The team had a new 962 at the first race of the season in 1990, the Daytona 24 Hours. Team members called it "Box Stock Betty" because Porsche insisted they run it without any modifications.

But the team realized the car needed more downforce and bypassed the dictates of the factory and redid the bodywork. Weaver was third in the next race at Miami with Scott Pruett, and ended the season with another podium at Watkins Glen and a win at Tampa. James was sixth in drivers points, driving the only Porsche in the top ten.

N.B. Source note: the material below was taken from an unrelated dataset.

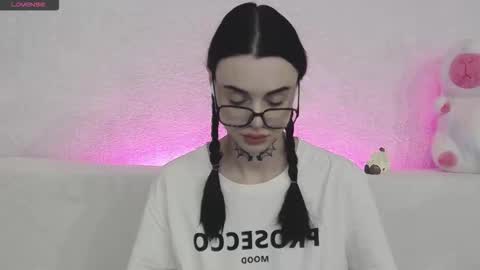 Taya online show from November 13, 2025, 4:50 pm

James ran ten races in the Porsche in 1991, with his best finish being a fourth at Miami. The team had sold the car in 1992, but borrowed it to race the 24 Hours of Daytona at the beginning of 1993, and finished second in GTP. It was the only sports car race they ran that year and moved over to an Indy Lights effort for James Weaver the reminder of the year.

Rob Dyson: "I remember that stock Porsche 962 we ran at Daytona in 1990. It had a small dinosaur painted next to my driver's name: I was the last of the owner-drivers, hence the dinosaur.

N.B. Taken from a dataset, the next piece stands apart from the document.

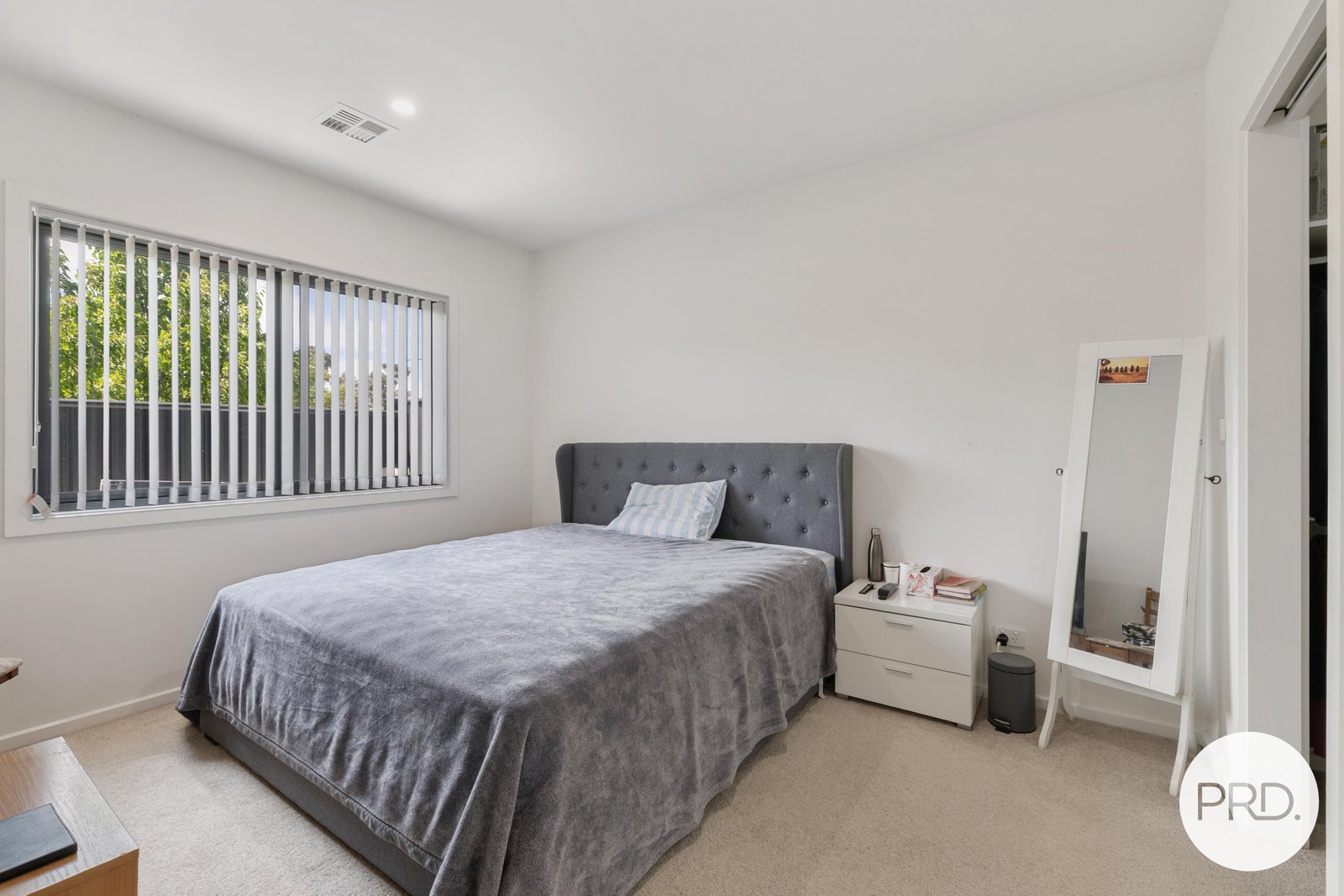 32 Everist Street TAYLOR 5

"At the peak of the GTP era, we had three 962 chassis. We also ran the radical tailed DR2 variant of the 962. It was a Nigel Stroud design for Richard Loyd. It had a rising-rate front suspension. We put a lot of work into it but it didn't work very well on our American tracks. Our tracks were too rough. The suspension was a little tighter and it just didn't work right. We won a bunch of races with it, but it was not the leap forward we thought it would be.

"Because of this and the fact it was an air cooled car, we sold the DR2. We bought chassis number 148, the last all Weissach-built 962. After that, any of the ones after 148 were built by Fabcar (David Klym) under a contract with Porsche. We ran the 148 which was a Group C car, and put it into IMSA trim."